Этот вопрос он специально рассматривает в брошюре "Государство и Церковь", вышедшей летом 1917 г. Исходя из положения, что только в христианстве религия рассматривается как "область самостоятельная, недоступная никакому государственному вмешательству", что только в нем впервые в истории человечества была указана ясная и определенная грань между "Кесаревым и Божиим", между "религией и политикой" и установлены "неотъемлемые и безусловные права человеческой совести", он отмечает необходимость различения и разделения государства и Церкви как обществ "совершенно различного рода". Однако в исторической действительности эти различные по духу и происхождению общества вступают в то или иное соприкосновение друг с другом, и потому тем важнее правильно установить формы их взаимоотношения. Подчеркнув пагубность для Русской Церкви установленной Петром I синодальной формы управления ею, превратившей Церковь в часть государственной системы, он в то же время выражает надежду, что правовое государство, которое по самой идее своей "положительно относится к религии и видит в ней ценность, имеющую существенное значение для общественной и государственной жизни", постарается создать для русского народа такие условия, при "которых свободно и беспрепятственно могла бы проявляться и развиваться религиозная жизнь". Не государственная опека над Церковью и не отрыв их друг от друга, как это мыслится в системе отделения Церкви от государства, а признание со стороны государства прав Церкви (как, впрочем, и всякого другого исповедания, всякой другой религии) "на самостоятельное и свободное управление в пределах, не нарушающих общественный порядок", является желательным для русского православного народа. Этим пожеланием и заканчивается статья.
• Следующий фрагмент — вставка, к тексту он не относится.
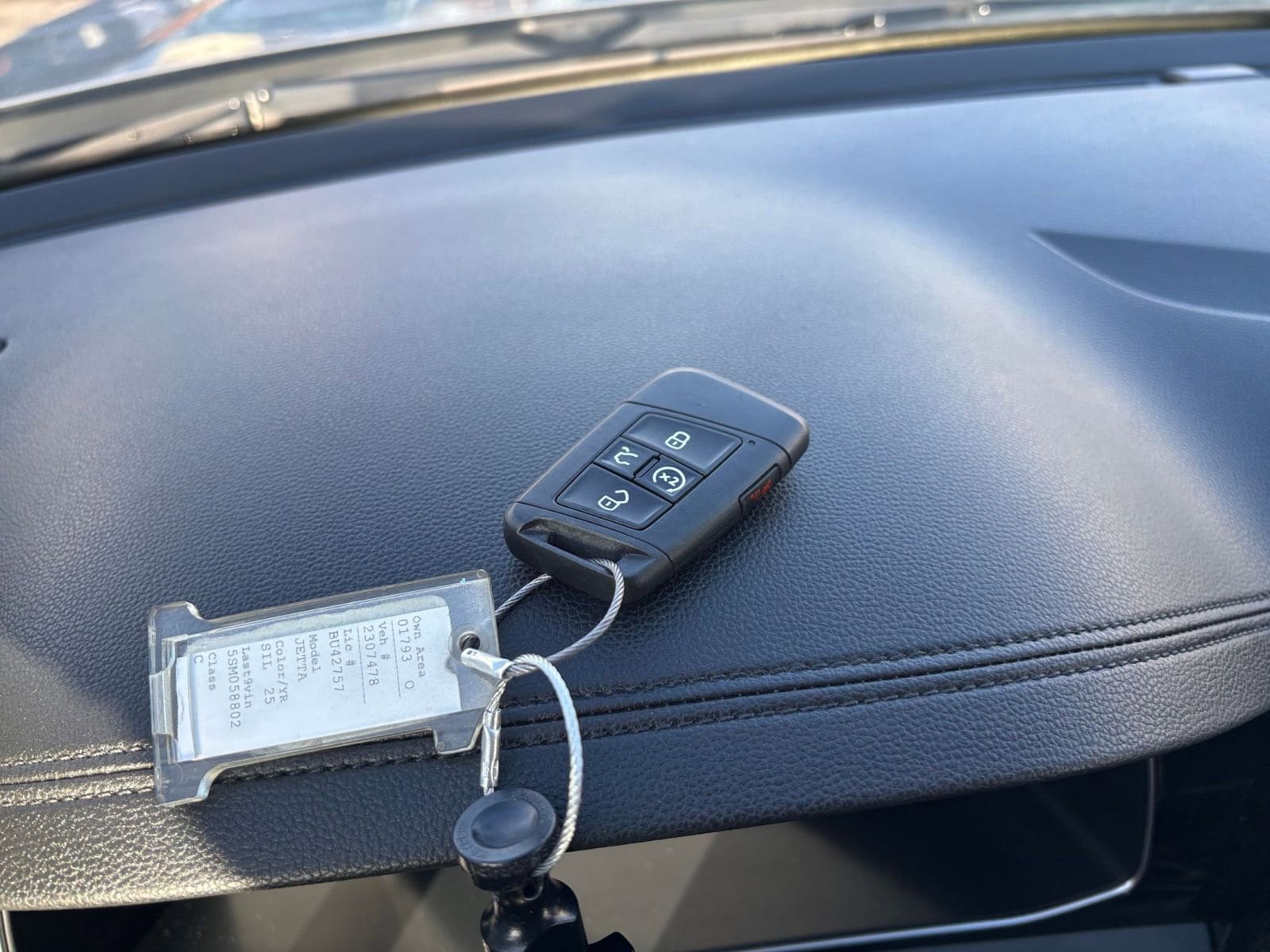 Thumbnail: 2025 Volkswagen Jetta - 21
Литературная деятельность первых месяцев после февральского переворота выдвинула молодого канониста в первые ряды церковных деятелей, и, когда пришло время выбора кандидатов в члены Собора, созыв которого был назначен на август 1917 г., он был избран коллективом Пермского университета делегатом на Собор от мирян.
В середине августа 1917 г. Николай Николаевич выехал в Москву вместе с делегацией, возглавляемой Пермским епископом Андроником, для участия в деятельности Первого Всероссийского Церковного Собора.